C’est par ce cri hostile au président Patrice Talon que les policiers ont été accueillis dans la rue de l’ancien chef de l’Etat Boni Yayi.
Un habitant, témoin raconte que "un parmi nous est parti voir les policiers et ils ont dit qu'ils ont appris qu'il y avait une marche par rapport aux résultats donnés mardi. Donc ils sont venus pour empêcher le président Boni Yayi de sortir".
Très rapidement, les voies menant au domicile de Boni Yayi ont été barricadées, la foule rassemblée chassée à coup de gaz lacrymogène. En riposte, les manifestants ont commencé à lancer des pierres.
Une personne est morte et un autre grièvement blessés depuis le début des violences qui ont éclaté mercredi après-midi après le déploiement des forces de sécurité autour du domicile de l'ancien président Boni Yayi dans la capitale économique.
Une femme a succombé à ses blessures jeudi matin après avoir reçu une balle dans le dos lors des manifestations, selon les informations de VOA Afrique. Selon la famille, un autre manifestant est dans un état critique.
Alain, un jeune étudiant, confie à VOA Afrique avoir été appelé à manifester : "On était à la maison quand les gens nous ont appelés pour nous dire que les policiers sont venus encercler le domicile du président Yayi.
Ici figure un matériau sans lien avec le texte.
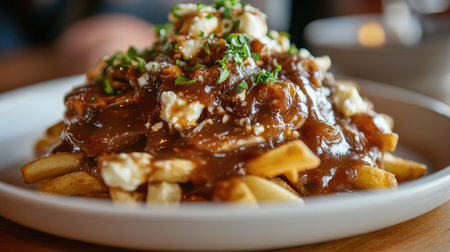 A mouthwatering close-up image showcasing a plate of poutine, featuring crispy fries topped with rich gravy and cheese curds, perfect for food lovers.の素材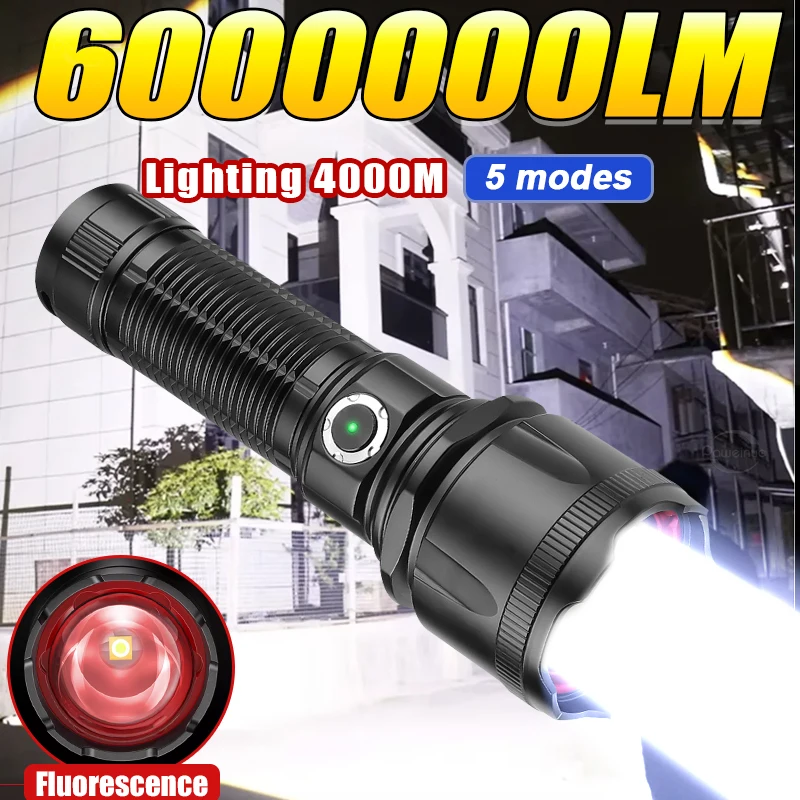 

6000000LM Powerful LED Flashlights Super Bright USB Rechageable Long Shot 4000M Hand Torch Fishing Camping Zoom Hand Lanterns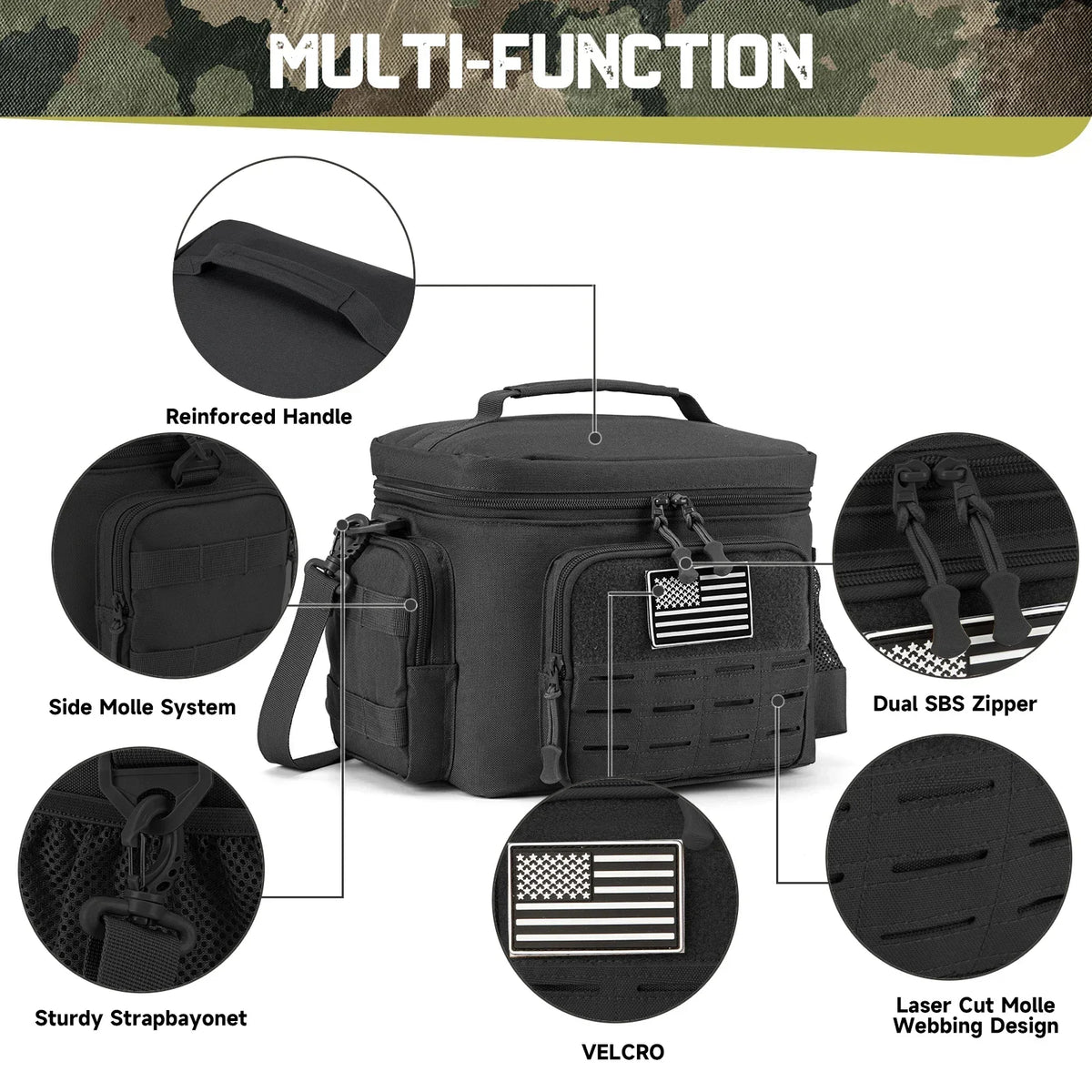 FanzyMarket 13L tactical insulated cooler bag, heavy-duty picnic backpack for camping, outdoor adventures, black, durable design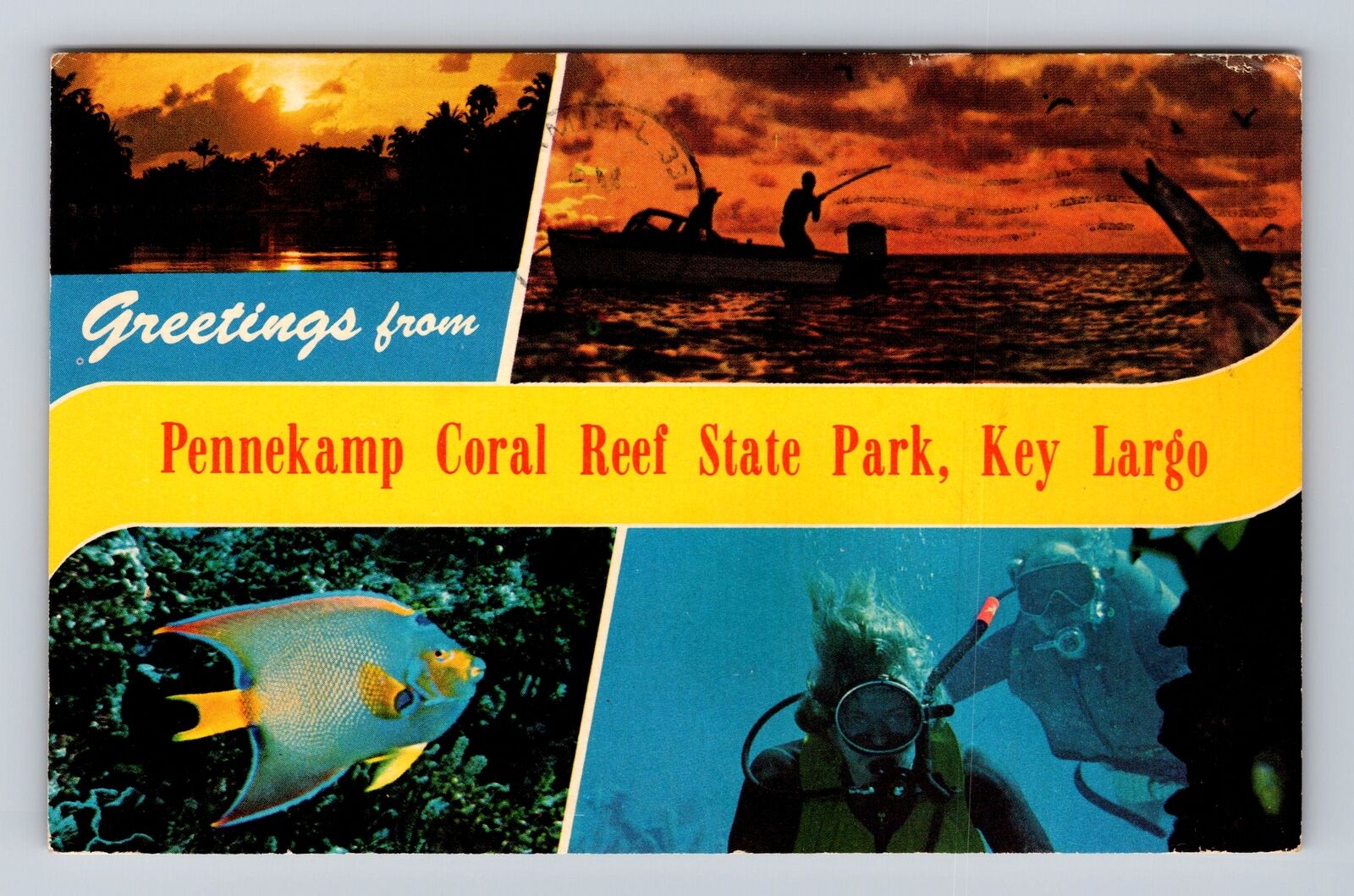Key Largo FL-Florida, General Banner Greetings Coral Reef, Vintage Postcard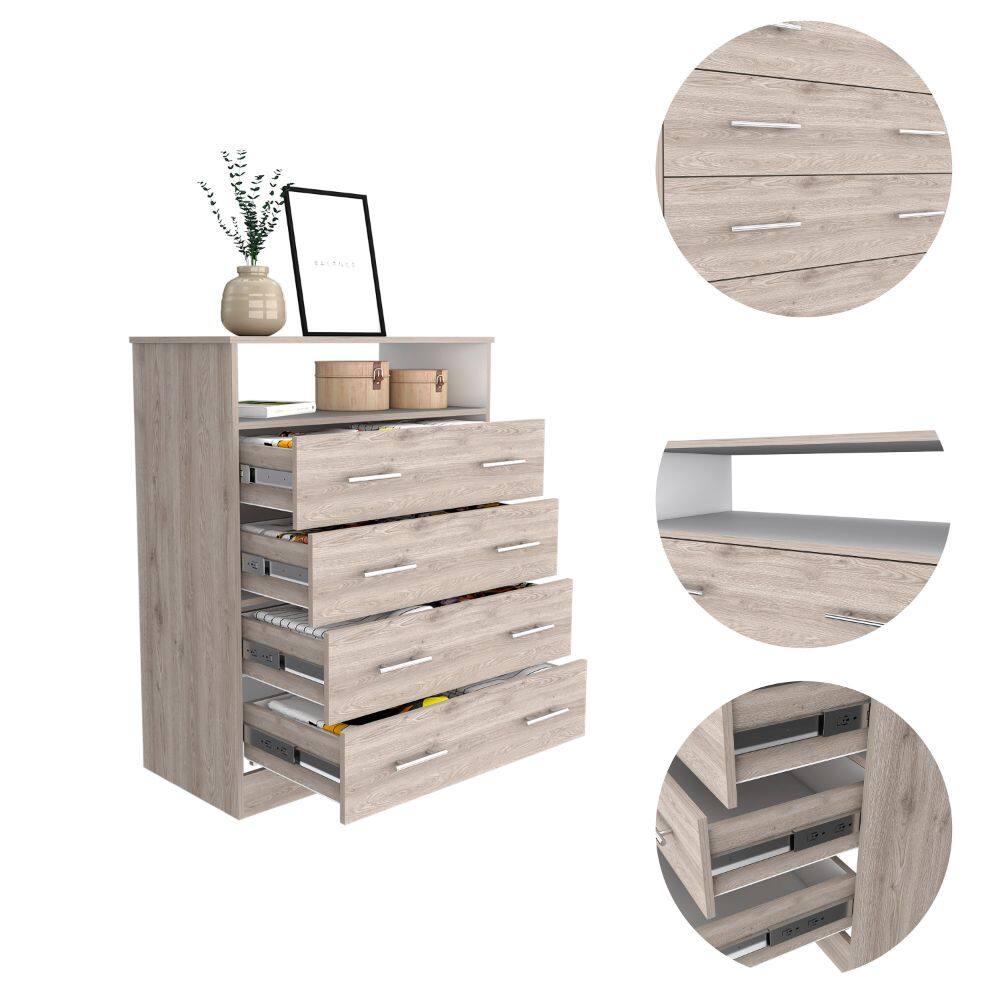 Alt View 2. TuHome - Peru L Four Drawer Dresser, Superior Top, One Open Shelf - Light Gray / White.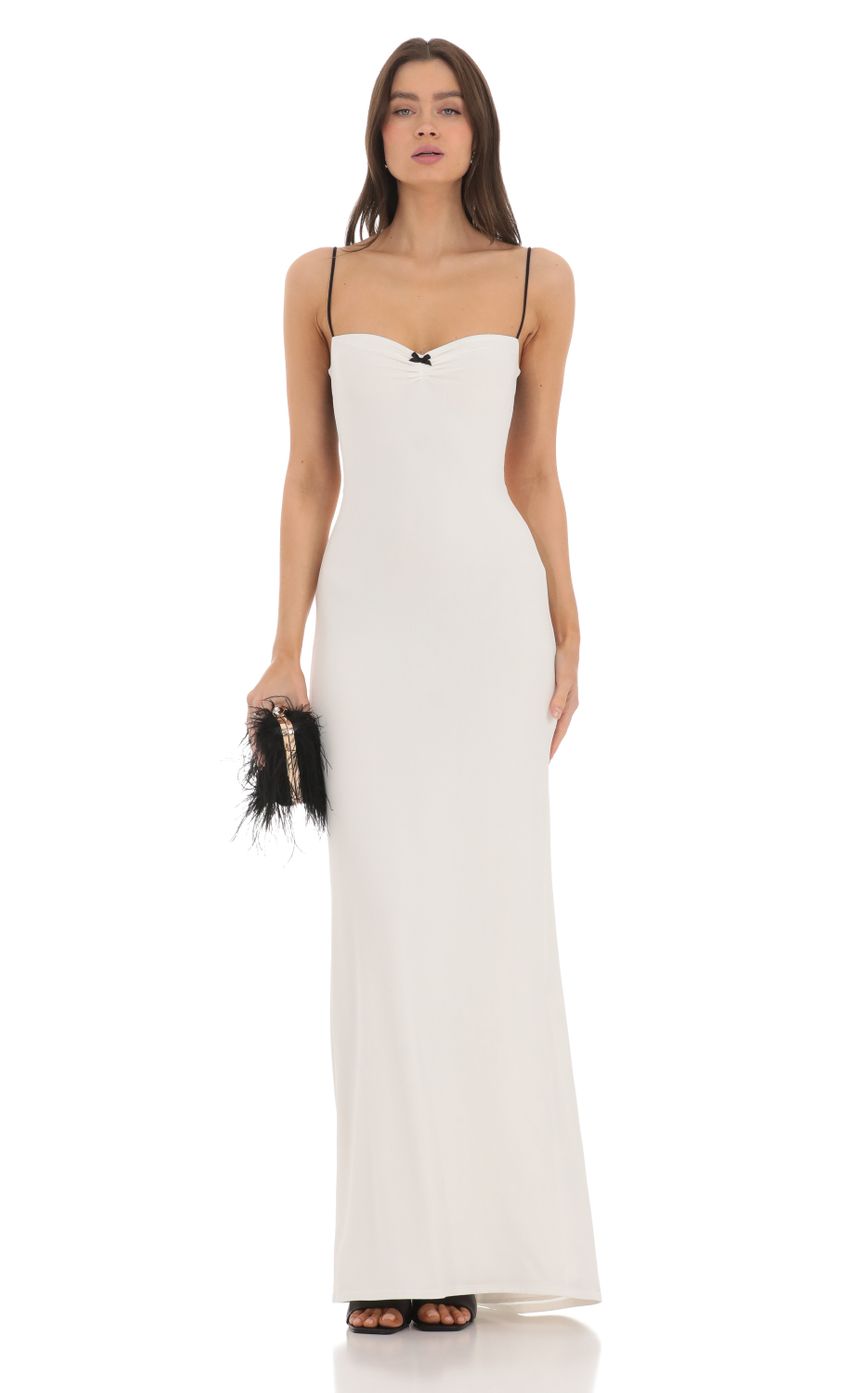 Picture Open Back Two-Toned Maxi Dress in White. Source: https://media-img.lucyinthesky.com/data/Mar24/850xAUTO/1b6dc375-f064-494d-9bdf-9613b0299687.jpg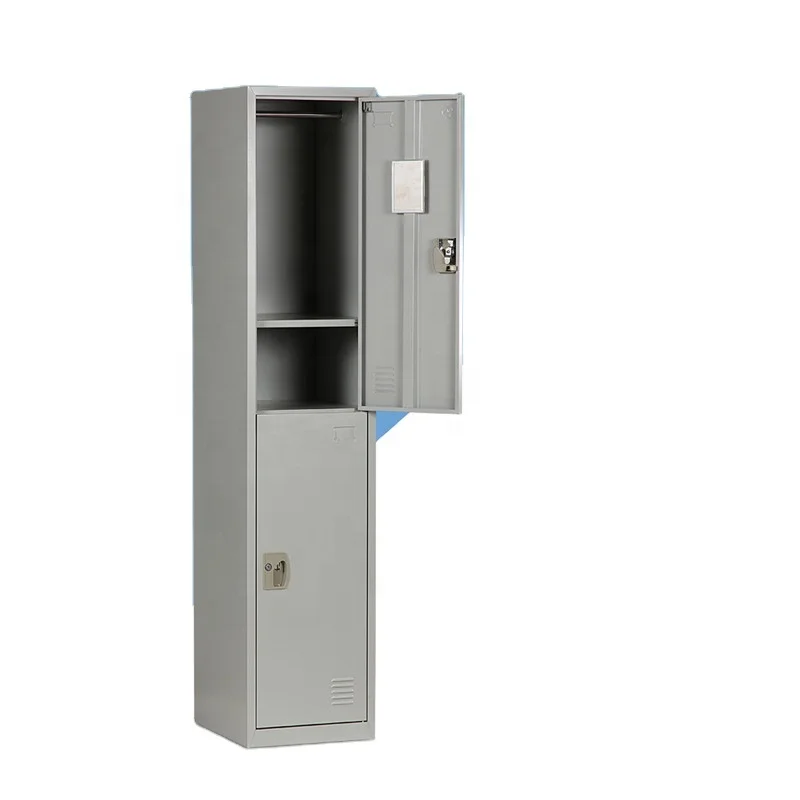 Vertical Single Clothes Storage Grey 2 Doors Metal Locker On Sale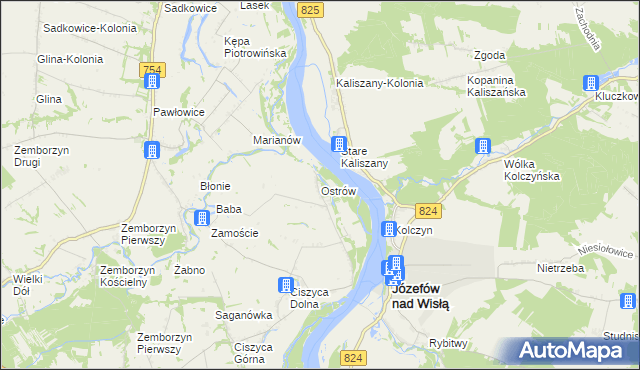 mapa Ostrów gmina Tarłów, Ostrów gmina Tarłów na mapie Targeo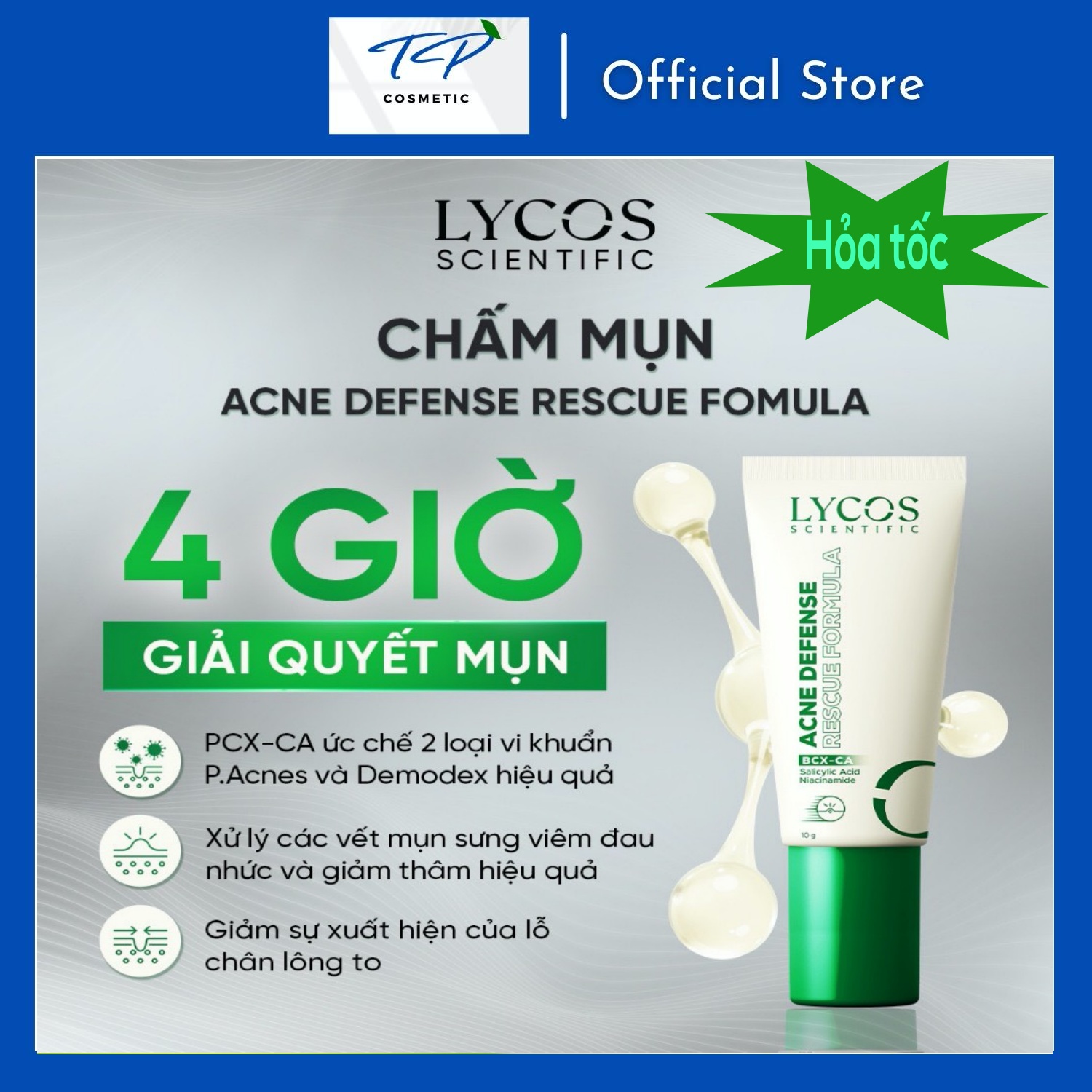 Kem Chấm Mụn 4H Lycos - Kem Mụn ACNE DEFENSE RESCUE FORMULA LYCOS 10G : Giảm Sưng Viêm, Kháng Khuẩn &amp; Gom Cồi Acne Defense Rescue Formula Lycos – 10g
Nous avons débarqué. Sur le terrain, on a vu des policiers installés, ils étaient nombreux avec plus de sept véhicules".
Boni Yayi encerclé par la police
M. Yayi avait appelé à boycotter le scrutin de dimanche dont l'opposition avait été exclue. Son domicile a été encerclé quelques heures après l'annonce d'un taux d'abstention record.
Station d’essence et parc de vente de véhicules brûlés, le distributeur automatique de billets d’une banque saccagé, le bilan est bien lourd pour une manifestation qui n’a duré que quelques heures.
Certains usagers de la route, obligés de faire le grand tour avant de rentrer, s’énervent et condamnent ce regain de violence. "Ce n'est pas bon, nous voulons la paix dans notre pays", souligne un Béninois.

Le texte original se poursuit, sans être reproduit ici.